■ About this exercise ■
Within the entries below, find the portion that opens with the line containing "Anna kjole -*Careless Online" and closes with the line containing "Sweet soft pink". Retype that portion exactly and only.

■ Information ■

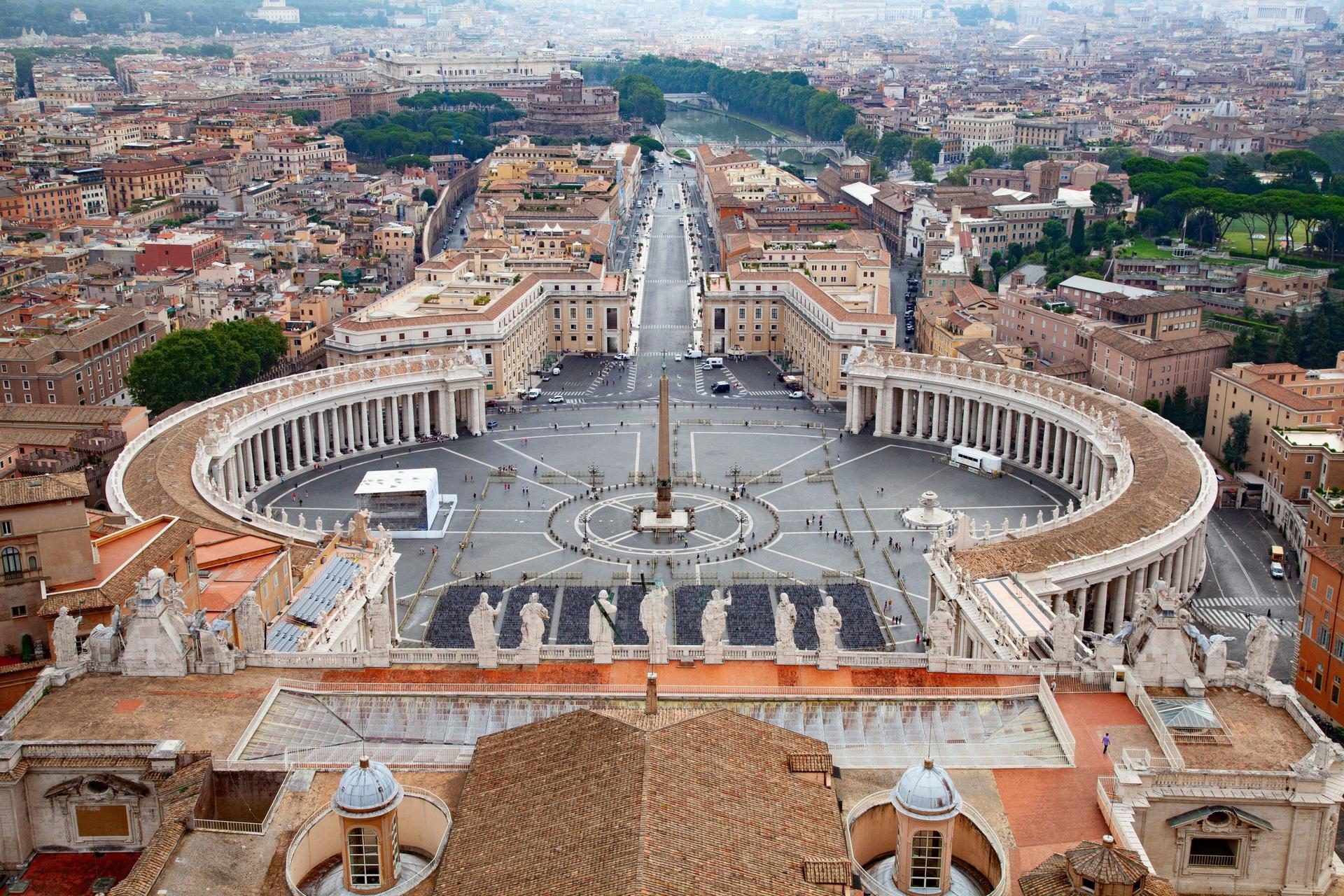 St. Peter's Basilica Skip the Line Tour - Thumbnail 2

* * *

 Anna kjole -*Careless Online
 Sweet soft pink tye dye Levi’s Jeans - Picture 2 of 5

...

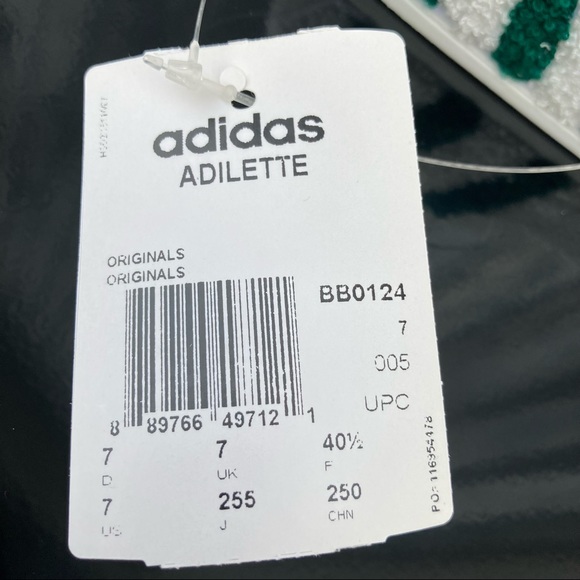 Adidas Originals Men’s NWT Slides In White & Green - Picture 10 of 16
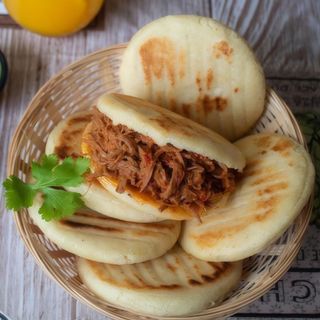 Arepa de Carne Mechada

■ Exercise response ■
 Anna kjole -*Careless Online
 Sweet soft pink tye dye Levi’s Jeans - Picture 2 of 5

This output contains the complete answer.